私は院長先生の、みんなに知られると妹と離れ離れにされてしまう、
と言われ、使わない様に致しました。
問題は妹の方で、この様な性格なので、
後先考えずにホイホイ使ってしまいます。
院長先生も困って、協会から、
魔道具を借りて来て下さいました。
これは、魔法の詠唱不全を起こさせるもので、
魔法が使えなくなるものだそうです。
後に、幼い子が魔法を使うと危険な為に
作られた物だと教えられました。

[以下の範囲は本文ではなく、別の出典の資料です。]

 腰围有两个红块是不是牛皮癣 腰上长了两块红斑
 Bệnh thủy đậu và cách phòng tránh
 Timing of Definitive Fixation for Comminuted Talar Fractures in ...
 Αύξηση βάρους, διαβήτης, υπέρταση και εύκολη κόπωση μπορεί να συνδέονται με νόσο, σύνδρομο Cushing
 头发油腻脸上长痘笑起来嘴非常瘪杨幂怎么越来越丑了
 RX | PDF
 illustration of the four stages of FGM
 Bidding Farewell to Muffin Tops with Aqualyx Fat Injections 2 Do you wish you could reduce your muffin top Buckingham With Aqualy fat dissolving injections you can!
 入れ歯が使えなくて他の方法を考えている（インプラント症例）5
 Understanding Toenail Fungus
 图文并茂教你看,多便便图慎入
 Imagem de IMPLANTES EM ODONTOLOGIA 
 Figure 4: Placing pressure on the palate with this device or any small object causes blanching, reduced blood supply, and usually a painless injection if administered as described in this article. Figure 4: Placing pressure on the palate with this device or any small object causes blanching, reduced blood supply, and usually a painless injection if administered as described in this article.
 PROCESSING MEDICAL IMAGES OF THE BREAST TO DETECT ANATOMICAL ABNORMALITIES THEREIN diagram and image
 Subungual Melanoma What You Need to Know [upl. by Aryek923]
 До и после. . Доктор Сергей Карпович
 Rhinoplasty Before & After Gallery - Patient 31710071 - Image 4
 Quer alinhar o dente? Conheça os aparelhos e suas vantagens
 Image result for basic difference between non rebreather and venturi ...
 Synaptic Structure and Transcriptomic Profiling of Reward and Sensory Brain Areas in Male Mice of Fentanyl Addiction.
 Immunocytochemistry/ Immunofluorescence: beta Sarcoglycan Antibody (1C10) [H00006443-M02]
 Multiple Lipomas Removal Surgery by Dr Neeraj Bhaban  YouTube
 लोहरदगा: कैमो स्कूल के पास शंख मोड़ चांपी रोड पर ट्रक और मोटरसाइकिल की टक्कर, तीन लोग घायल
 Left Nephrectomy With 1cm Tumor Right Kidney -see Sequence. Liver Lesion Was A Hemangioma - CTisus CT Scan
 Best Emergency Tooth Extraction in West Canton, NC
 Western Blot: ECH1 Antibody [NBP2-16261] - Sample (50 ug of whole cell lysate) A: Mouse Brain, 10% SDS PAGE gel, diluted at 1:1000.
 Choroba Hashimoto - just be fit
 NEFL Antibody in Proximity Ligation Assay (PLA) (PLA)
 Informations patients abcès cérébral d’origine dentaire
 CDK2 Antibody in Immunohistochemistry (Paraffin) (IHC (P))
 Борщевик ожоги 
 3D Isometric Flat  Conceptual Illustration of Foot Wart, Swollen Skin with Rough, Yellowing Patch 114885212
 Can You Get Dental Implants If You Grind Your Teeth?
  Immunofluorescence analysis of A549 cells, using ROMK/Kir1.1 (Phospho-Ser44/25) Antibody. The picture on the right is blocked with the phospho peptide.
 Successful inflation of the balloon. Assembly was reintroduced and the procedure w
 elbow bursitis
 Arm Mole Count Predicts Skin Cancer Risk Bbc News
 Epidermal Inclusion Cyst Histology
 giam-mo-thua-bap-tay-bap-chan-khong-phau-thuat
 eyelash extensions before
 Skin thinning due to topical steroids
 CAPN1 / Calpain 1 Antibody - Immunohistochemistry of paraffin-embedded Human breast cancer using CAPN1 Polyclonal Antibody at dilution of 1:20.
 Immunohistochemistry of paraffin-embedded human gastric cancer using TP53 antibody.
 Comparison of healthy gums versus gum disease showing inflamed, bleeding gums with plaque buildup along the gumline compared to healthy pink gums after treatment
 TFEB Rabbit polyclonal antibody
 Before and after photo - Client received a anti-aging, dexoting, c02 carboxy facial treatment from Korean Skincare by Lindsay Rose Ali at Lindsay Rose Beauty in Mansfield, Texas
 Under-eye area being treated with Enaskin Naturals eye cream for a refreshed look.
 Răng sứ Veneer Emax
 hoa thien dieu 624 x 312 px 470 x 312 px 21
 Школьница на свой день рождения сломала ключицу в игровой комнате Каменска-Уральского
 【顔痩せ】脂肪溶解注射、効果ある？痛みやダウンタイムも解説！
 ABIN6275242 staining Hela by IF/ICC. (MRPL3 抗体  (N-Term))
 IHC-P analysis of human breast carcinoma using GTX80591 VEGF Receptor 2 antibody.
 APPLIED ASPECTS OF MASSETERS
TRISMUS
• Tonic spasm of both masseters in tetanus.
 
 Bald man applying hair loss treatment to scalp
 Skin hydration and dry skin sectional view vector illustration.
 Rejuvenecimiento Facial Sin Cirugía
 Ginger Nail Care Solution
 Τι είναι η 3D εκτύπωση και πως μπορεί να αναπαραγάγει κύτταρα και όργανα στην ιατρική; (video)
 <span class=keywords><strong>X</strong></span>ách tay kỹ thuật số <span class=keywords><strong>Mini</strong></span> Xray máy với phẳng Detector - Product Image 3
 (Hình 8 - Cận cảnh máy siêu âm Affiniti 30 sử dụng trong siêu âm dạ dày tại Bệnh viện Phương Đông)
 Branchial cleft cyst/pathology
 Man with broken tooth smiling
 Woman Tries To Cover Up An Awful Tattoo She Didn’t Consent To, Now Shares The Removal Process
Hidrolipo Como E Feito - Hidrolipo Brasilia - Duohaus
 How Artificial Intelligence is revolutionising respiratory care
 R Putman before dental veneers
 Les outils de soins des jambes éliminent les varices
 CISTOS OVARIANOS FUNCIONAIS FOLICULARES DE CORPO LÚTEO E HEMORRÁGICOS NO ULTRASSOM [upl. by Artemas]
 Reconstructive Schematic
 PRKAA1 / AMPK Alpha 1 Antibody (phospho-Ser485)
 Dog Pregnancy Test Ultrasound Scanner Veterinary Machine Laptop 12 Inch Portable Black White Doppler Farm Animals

』
おねいちゃん凄い!
虚虚実取り交ぜて上手く作って有るお話です。
『実は、孤児院の院長先生と、学園の園長先生は双子の姉妹で、
私たちはメイドとして学ぶ事が出来ました。』
『ふぅ~ん、貴方達、運が良かったのね。』
あっ、これ疑っている。
私が居るとぼろが出そう。退散しましょう。
「奥様、申し訳ありません
狼たちにご飯を上げなくては成りません、
失礼させて頂いて宜しいでしょうか。」
『あら、ご飯がまだだったのね。早く行って上げなさい。』
「有難うございます。それでは、これで失礼いたします。」
一礼して、退散出来ました。冷や汗物です。
やっぱり奥様は怖いなぁ、
おねいちゃんなら大丈夫だと思うけど・・・。